> _PROBLEM TO WORK ON_: Word-for-word reproduction, images excluded: copy every entry below.

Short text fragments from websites
========
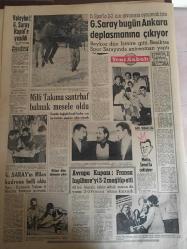YENİ SABAH GAZETESİ  1 MART 1963 YIL :25 SAYI :8609---Kızılırmak da yelkenli devrildi : 23 kişi öldü ---Tekel Bakanına göre zam vatandaşı mesud  edecek ---İki er kadını ormanda çırılçıplak soyup kaçtı --İnönü dün Zirai krediler  kapanın eline kaldı ---Çocuklarda suç işlemeye karşı  meyil artıyor ---Devrilen kamyonun altında kalan yolculardan 8 oldu ---Devlet ve Turizm : Siyavuşgil --Evine giren  ırz düşmanını tüfekle vurdu --Modern bir eşle yaşamanın derdini çekmeye mahkum oldu --Londra -Tahran Demiryolu iki yıla kadar tamamlanıyor ---Voleybol :Galatasaray Rapid e yenildi --Galatasaray bugün Ankara deplasmanına çıkıyor ---Milli Takıma santrhaf bulmak mesele oldu ---Galatasaray ın Milan kadrosu belli oldu ---Avrupa Kupası :Fransa İngiltere yi 5-2 mağlup etti --Vergi zamları hususunda izahat verildi --Nezarethane duvarını yıkıp iki suçluyu  kaçırdılar --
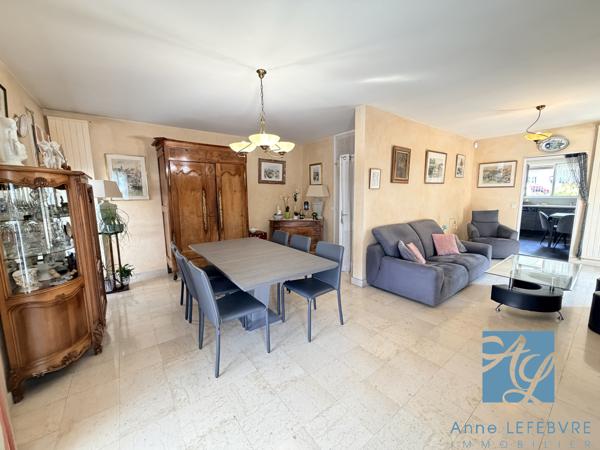 EXCLUSIVITÉ ! MAISON de 6 pièces avec GARAGE et JARDIN
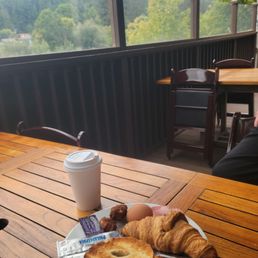 Complimentary continental breakfast 8-10am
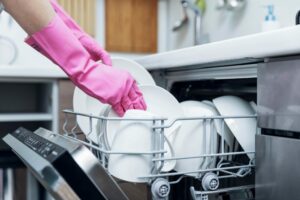 Read more about the article Как использовать посудомоечную машину: 3 главных правила
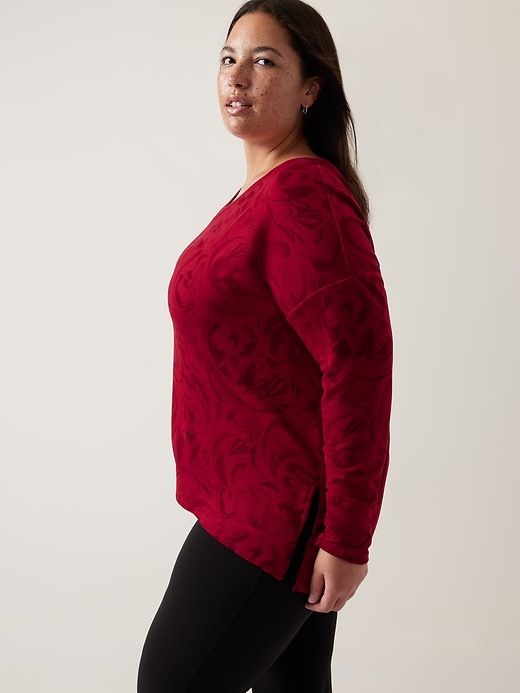 Image number 4 showing, Coaster Luxe V&#45Neck Sweatshirt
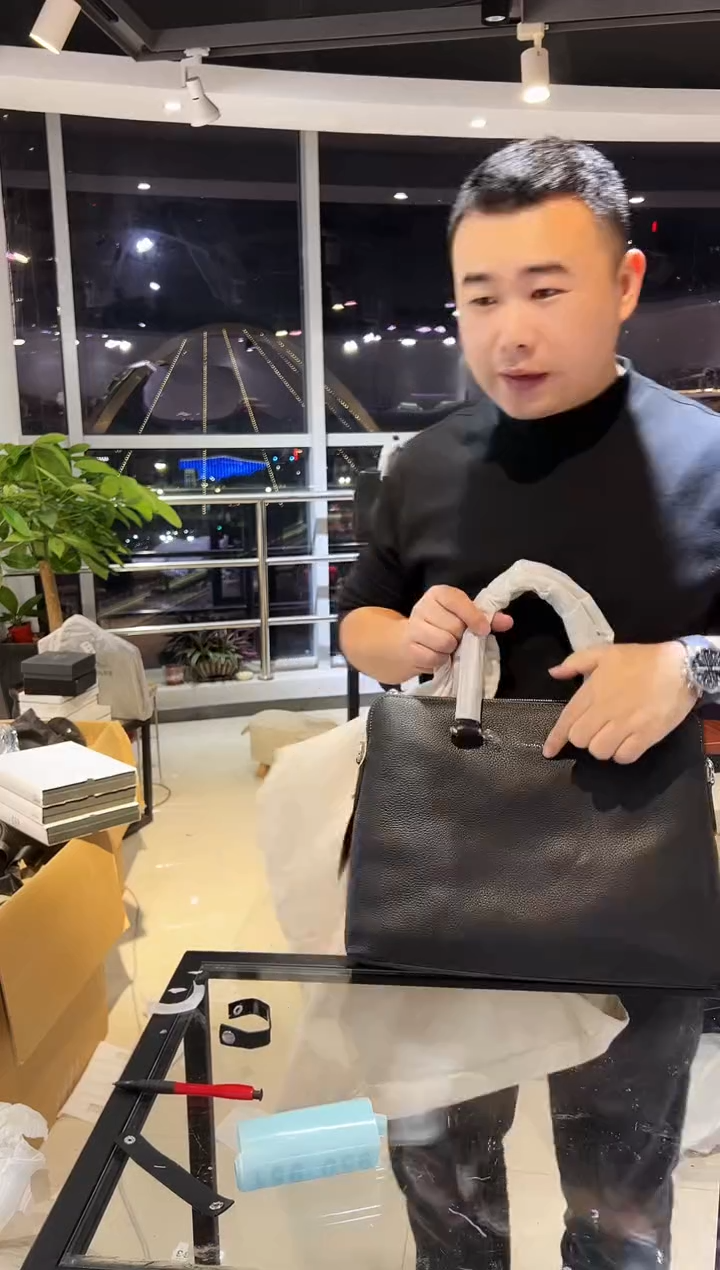 头层牛皮韩爵绅士包包皮具948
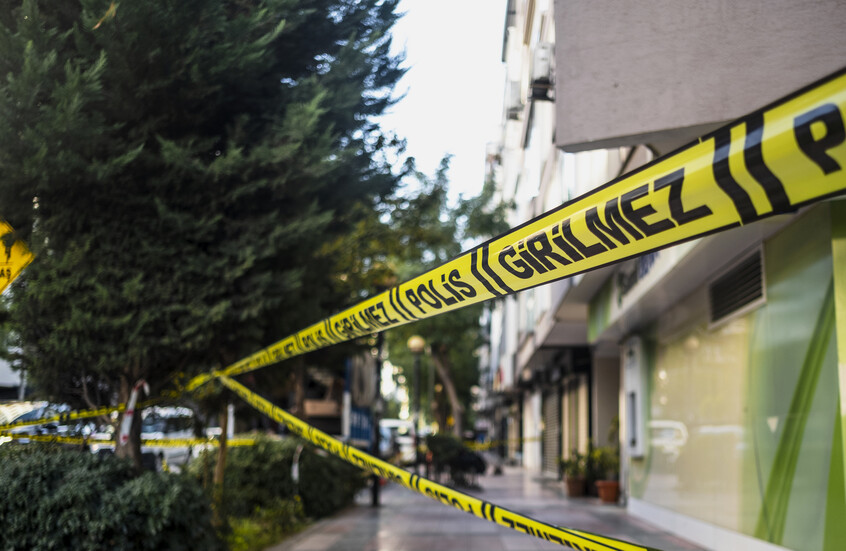 لقطات صادمة ومروعة لمقتل رجل ستيني طعنا أثناء صلاته داخل مسجد في تركيا (فيديو)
========
> _OUTPUT OF THE TASK_:
YENİ SABAH GAZETESİ  1 MART 1963 YIL :25 SAYI :8609---Kızılırmak da yelkenli devrildi : 23 kişi öldü ---Tekel Bakanına göre zam vatandaşı mesud  edecek ---İki er kadını ormanda çırılçıplak soyup kaçtı --İnönü dün Zirai krediler  kapanın eline kaldı ---Çocuklarda suç işlemeye karşı  meyil artıyor ---Devrilen kamyonun altında kalan yolculardan 8 oldu ---Devlet ve Turizm : Siyavuşgil --Evine giren  ırz düşmanını tüfekle vurdu --Modern bir eşle yaşamanın derdini çekmeye mahkum oldu --Londra -Tahran Demiryolu iki yıla kadar tamamlanıyor ---Voleybol :Galatasaray Rapid e yenildi --Galatasaray bugün Ankara deplasmanına çıkıyor ---Milli Takıma santrhaf bulmak mesele oldu ---Galatasaray ın Milan kadrosu belli oldu ---Avrupa Kupası :Fransa İngiltere yi 5-2 mağlup etti --Vergi zamları hususunda izahat verildi --Nezarethane duvarını yıkıp iki suçluyu  kaçırdılar --
 EXCLUSIVITÉ ! MAISON de 6 pièces avec GARAGE et JARDIN
 Complimentary continental breakfast 8-10am
 Read more about the article Как использовать посудомоечную машину: 3 главных правила
 Image number 4 showing, Coaster Luxe V&#45Neck Sweatshirt
 头层牛皮韩爵绅士包包皮具948
 لقطات صادمة ومروعة لمقتل رجل ستيني طعنا أثناء صلاته داخل مسجد في تركيا (فيديو)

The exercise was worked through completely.